Stolen deed lawsuit names Fidelity National Title and eight other defendants

An impersonator allegedly signed at closing - and no one checked the ID, the suit claims

Stolen deed lawsuit names Fidelity National Title and eight other defendants

Risk, Compliance & Legal

By Tez Romero

A national title insurer is among nine defendants in a Philadelphia lawsuit over a stolen deed and a closing the property owner says it never attended. 

The lawsuit, filed June 23, 2026 in federal court in Philadelphia, involves an empty lot at 1701 Montrose Street. Lurube Developers LLC says it has owned the lot since 2002. But according to the complaint, a deed recorded on March 6, 2020 handed the property to a buyer the company says it never approved. 

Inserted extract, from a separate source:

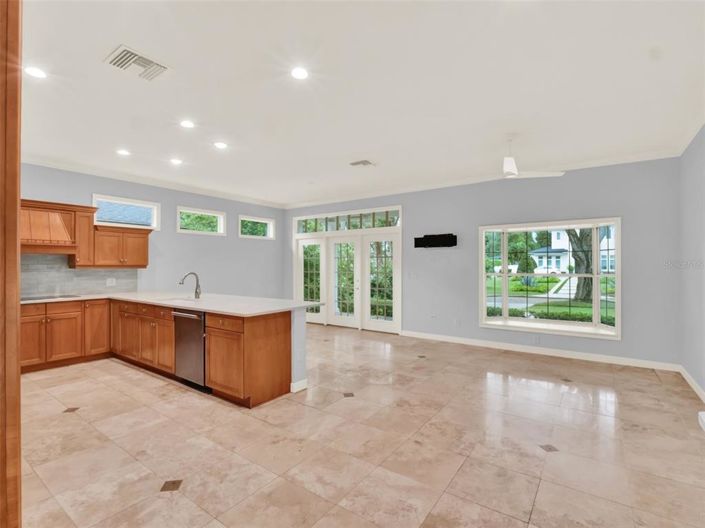 Image No.11-5 Bed Property for sale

The detail that should grab claims professionals: the complaint alleges that "no member, past or present, of Lurube Developers LLC appeared at closing or authorized the transaction," and that "an impersonator criminally assumed the identity of an authorized member" to get the deal done. The closing also included "falsified mortgage satisfaction and release documents," the filing says, that supposedly erased a mortgage held by Thomas and Constance Clerico - documents the couple says they never signed. 

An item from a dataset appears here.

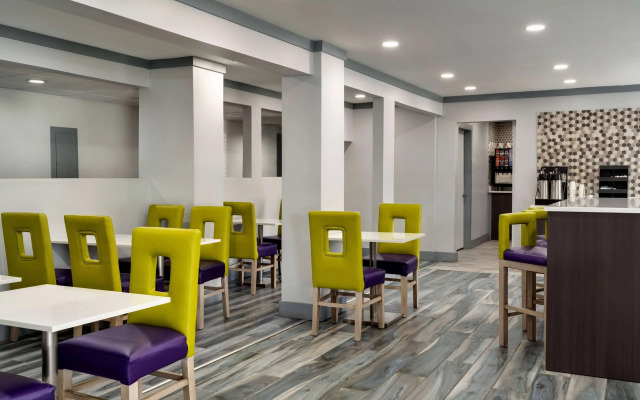 La Quinta Inn by Wyndham Birmingham - Inverness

Fidelity National Title Insurance Company is a named defendant. The complaint alleges it "issued title insurance in connection with the fraudulent transaction," and that the proceeds were "transmitted to Fidelity's Raleigh, North Carolina office." The title agency that ran the closing, Surety Title Company, doing business as Surety Abstract Services, is also named. 

The filing describes a closing that skipped basic checks. It alleges one person, using what it calls a fictitious company name, "executed signatures at closing" while "no identification was collected" - "in violation of standard title company protocols." 

State regulators have already acted, according to the complaint. It says Pennsylvania suspended the notary's commission in December 2023 "for misconduct related to the notarization of the disputed deed," and in January 2024 cited the buyer's realtor "for operating as an unlicensed realtor." 

The plaintiffs are suing for fraud, civil conspiracy and violations of the federal RICO law, and want the 2020 deed declared "void ab initio" - void from the start. They are asking for triple damages under RICO, plus punitive damages and legal fees. 

For title insurers, the pattern is a familiar nightmare: a deed allegedly recorded by an impersonator, a mortgage release the lienholders call forged, and a closing where ID checks allegedly failed. The complaint also notes an earlier state quiet-title case the plaintiffs filed in September 2020 that was "dismissed for lack of prosecution" in May 2024 - a ruling it says is now on appeal. 

None of the allegations has been tested, and no court has ruled.